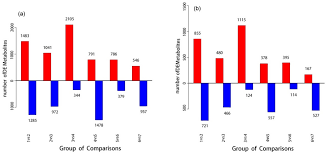 Foods Free Full Text Metabolomics Analysis Of The Deterioration Mechanism And Storage Time Limit Of Tender Coconut Water During Storage Html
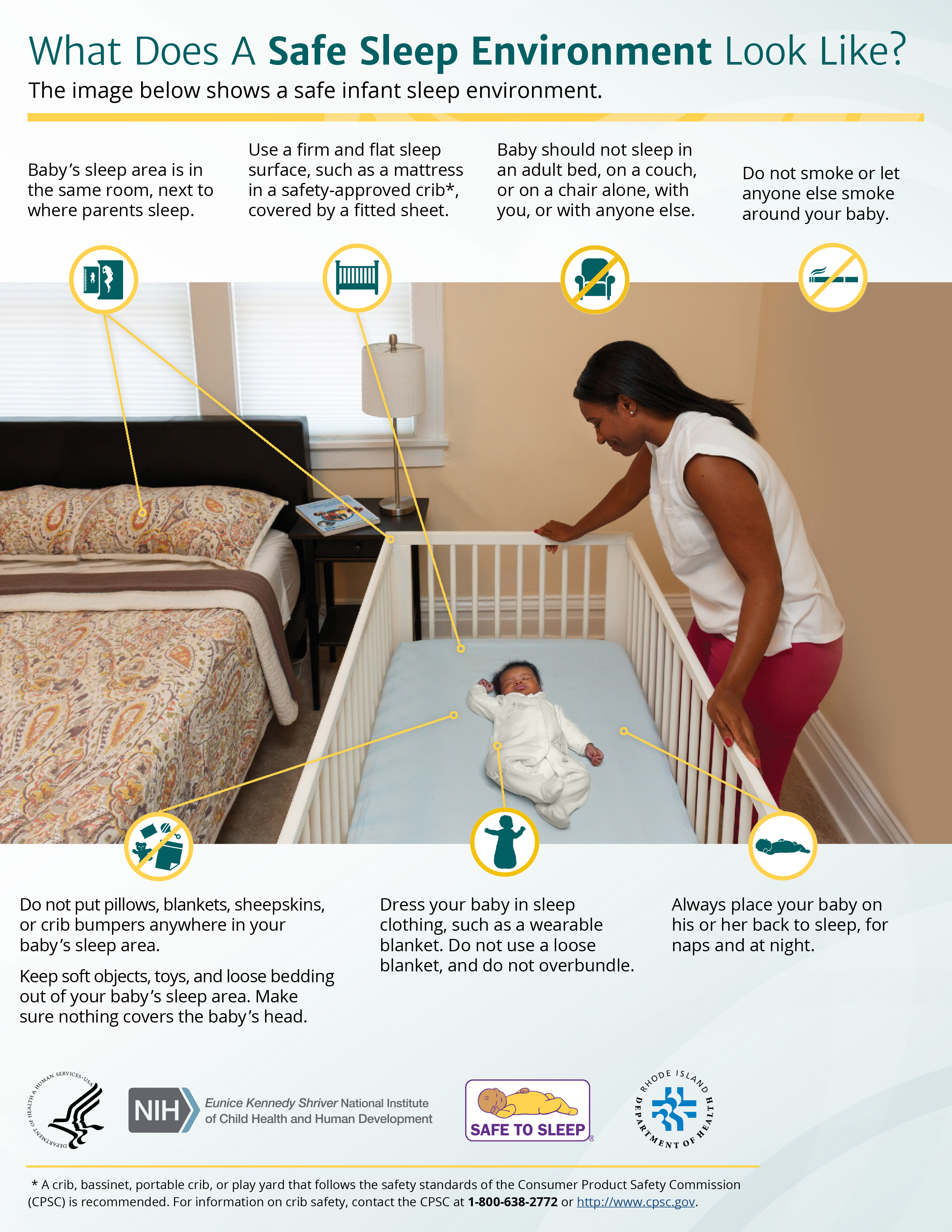 What does a safe sleep environment look like?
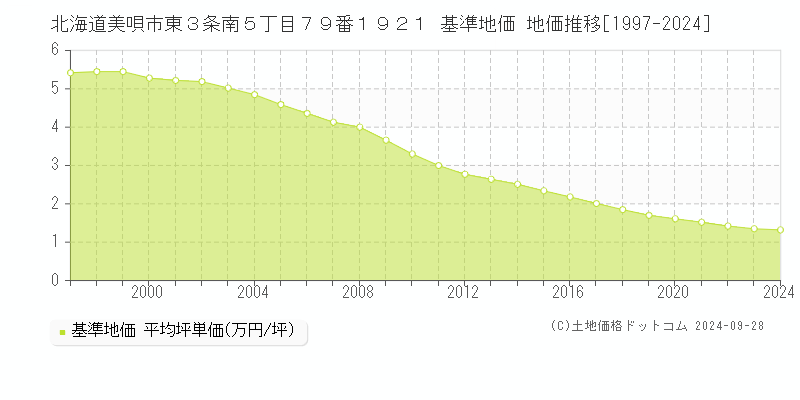 北海道美唄市東３条南５丁目７９番１９２１ 基準地価 地価推移[1997-2024]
* * * * * * *
● EXERCISE DESCRIPTION: Without including any pictures, set down word for word every line from the one containing "What does a" through the last line of the material.

● RESULT OF THIS EXERCISE:
 What does a safe sleep environment look like?
 北海道美唄市東３条南５丁目７９番１９２１ 基準地価 地価推移[1997-2024]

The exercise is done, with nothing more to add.